Il a été très surpris d'être quitté. Et très blessé.
Il est seul dans sa petite maison, sa santé se détériore. Il s'ennuie. C'était un gros bosseur. Dans son milieu, on ne faisait pas que boire, on apprenait aussi à tout faire de ses mains. Mais vu ses problèmes de santé, il ne peut quasiment plus jardiner ou faire du gros bricolage. Alors, il regarde la télé, le sport, les jeux, Plus belle la vie, lit La Montagne et fait la cuisine.
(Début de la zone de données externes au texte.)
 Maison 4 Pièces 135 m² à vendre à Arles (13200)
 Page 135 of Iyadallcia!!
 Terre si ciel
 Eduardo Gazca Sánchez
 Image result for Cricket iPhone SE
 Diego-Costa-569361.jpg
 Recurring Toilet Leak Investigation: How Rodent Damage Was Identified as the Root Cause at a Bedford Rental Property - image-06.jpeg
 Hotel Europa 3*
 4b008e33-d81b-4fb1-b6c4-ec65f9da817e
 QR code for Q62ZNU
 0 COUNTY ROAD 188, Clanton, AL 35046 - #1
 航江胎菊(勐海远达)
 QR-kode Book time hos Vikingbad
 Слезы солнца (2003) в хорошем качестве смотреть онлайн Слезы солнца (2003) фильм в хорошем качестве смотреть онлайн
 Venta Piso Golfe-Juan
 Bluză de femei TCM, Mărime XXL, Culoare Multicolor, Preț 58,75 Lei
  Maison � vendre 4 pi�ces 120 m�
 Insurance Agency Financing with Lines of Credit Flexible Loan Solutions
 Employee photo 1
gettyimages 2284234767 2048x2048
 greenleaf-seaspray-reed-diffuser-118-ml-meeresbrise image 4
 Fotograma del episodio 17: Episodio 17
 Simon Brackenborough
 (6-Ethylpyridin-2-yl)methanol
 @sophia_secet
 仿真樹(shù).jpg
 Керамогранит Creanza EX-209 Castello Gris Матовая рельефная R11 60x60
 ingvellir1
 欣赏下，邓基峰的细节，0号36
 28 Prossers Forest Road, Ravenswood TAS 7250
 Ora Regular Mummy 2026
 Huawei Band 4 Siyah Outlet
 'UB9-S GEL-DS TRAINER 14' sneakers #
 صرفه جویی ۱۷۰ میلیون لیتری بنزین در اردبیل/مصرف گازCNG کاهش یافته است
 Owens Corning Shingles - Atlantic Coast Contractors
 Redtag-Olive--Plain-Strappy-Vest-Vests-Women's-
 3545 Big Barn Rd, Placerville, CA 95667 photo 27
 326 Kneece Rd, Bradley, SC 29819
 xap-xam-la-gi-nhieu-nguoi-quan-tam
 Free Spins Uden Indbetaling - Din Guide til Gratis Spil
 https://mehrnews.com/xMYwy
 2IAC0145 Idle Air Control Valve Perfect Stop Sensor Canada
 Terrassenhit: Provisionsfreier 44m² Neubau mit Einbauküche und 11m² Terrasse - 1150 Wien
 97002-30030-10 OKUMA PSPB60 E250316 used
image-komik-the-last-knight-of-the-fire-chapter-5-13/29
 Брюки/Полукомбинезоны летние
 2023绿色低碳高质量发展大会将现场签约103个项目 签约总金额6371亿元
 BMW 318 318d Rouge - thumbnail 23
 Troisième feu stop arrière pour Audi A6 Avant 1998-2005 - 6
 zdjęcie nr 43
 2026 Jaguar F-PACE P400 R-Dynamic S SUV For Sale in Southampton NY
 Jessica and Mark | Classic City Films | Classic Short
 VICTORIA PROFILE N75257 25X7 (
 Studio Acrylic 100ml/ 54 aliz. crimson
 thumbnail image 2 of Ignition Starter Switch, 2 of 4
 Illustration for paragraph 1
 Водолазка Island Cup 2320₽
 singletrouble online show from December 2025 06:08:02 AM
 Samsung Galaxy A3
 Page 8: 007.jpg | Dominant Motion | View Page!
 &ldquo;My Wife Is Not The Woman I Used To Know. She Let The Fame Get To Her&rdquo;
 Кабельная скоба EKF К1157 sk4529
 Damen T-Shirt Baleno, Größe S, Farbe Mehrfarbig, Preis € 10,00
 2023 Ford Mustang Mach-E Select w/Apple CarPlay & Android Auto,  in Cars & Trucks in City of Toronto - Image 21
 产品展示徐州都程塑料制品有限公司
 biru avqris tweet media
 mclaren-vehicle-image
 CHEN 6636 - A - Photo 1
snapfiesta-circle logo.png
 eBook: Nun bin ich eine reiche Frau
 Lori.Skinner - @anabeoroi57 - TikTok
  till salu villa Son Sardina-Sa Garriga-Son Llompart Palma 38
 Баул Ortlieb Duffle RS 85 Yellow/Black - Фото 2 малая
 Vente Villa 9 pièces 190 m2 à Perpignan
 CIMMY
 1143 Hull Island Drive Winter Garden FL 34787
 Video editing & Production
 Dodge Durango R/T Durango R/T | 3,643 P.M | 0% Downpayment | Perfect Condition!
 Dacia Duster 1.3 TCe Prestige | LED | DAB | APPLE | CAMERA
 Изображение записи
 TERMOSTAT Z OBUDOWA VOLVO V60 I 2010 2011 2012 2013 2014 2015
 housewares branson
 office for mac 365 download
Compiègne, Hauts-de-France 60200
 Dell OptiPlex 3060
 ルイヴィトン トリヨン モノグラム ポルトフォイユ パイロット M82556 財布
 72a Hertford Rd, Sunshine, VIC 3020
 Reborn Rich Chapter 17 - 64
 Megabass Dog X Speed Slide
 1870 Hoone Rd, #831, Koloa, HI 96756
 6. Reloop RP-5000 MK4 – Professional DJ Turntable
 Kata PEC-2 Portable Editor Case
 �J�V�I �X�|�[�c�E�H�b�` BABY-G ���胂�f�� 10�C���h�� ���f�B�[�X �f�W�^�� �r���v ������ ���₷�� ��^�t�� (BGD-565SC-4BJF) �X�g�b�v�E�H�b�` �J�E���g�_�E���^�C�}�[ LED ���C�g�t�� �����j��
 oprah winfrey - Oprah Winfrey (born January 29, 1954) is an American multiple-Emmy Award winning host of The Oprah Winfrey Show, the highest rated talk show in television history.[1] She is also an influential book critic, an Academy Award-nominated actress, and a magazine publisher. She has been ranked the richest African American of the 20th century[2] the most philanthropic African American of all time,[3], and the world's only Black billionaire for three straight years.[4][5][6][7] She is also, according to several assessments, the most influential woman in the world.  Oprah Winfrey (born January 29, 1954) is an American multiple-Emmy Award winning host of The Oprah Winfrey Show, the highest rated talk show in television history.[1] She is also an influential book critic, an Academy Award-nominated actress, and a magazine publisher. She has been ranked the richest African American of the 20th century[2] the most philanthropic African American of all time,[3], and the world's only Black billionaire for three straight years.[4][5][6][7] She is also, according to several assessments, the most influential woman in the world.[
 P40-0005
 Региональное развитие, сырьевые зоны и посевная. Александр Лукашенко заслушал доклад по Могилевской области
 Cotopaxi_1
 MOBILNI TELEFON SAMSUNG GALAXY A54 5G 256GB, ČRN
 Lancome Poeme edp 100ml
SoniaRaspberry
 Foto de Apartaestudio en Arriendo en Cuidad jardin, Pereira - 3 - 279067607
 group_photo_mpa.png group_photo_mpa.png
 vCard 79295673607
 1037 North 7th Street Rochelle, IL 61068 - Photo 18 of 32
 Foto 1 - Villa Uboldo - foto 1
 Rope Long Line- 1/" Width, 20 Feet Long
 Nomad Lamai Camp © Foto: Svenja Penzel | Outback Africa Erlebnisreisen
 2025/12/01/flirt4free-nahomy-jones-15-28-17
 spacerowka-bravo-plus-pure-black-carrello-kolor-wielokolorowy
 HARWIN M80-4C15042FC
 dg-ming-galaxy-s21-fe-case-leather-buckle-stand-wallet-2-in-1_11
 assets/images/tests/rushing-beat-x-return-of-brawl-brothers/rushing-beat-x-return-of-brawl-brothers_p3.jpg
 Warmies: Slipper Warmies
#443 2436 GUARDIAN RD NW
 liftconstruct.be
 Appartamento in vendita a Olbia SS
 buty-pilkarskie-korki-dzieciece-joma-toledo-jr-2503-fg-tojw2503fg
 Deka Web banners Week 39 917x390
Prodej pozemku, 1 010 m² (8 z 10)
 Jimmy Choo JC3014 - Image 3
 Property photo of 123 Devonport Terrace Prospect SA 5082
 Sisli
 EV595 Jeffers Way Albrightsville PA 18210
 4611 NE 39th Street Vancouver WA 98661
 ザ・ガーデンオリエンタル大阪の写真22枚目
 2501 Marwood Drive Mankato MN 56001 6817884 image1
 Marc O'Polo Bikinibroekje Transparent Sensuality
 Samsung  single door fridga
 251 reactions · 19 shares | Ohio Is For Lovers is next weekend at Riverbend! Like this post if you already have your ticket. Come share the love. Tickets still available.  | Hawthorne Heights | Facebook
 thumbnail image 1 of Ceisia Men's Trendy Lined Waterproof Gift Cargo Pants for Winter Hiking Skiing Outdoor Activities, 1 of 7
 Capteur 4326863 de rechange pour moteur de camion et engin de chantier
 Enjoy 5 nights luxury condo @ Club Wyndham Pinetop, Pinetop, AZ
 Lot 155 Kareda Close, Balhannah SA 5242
Et il s'invente des occupations poétiques, même si le mot le ferait rigoler. Il a passé son hiver à fabriquer un village en bois : des maisons, une église, un moulin, un puits et même un château fort, avec un avion dessus. Sur lesquels il a collé de gros coquillages. Il trouve ça joli, les gros coquillages. Et exotique. Des coquillages dorés, il y en a assez peu à Clermont-Ferrand, la ville où tout est noir : des pneus aux églises. Mais elles sont quand même belles, les églises en pierre de lave pour qui sait les regarder.
Il adore ses petits-enfants, qu'il voit peu. Son petit-fils est en Chine, et mes filles en banlieue parisienne. Il leur envoie des cartes et des colis à la moindre occasion. Avec du chocolat, des bonbons. Pour leur anniversaire ou à Noël, il me donne des sous pour que je les place sur leur Livret A.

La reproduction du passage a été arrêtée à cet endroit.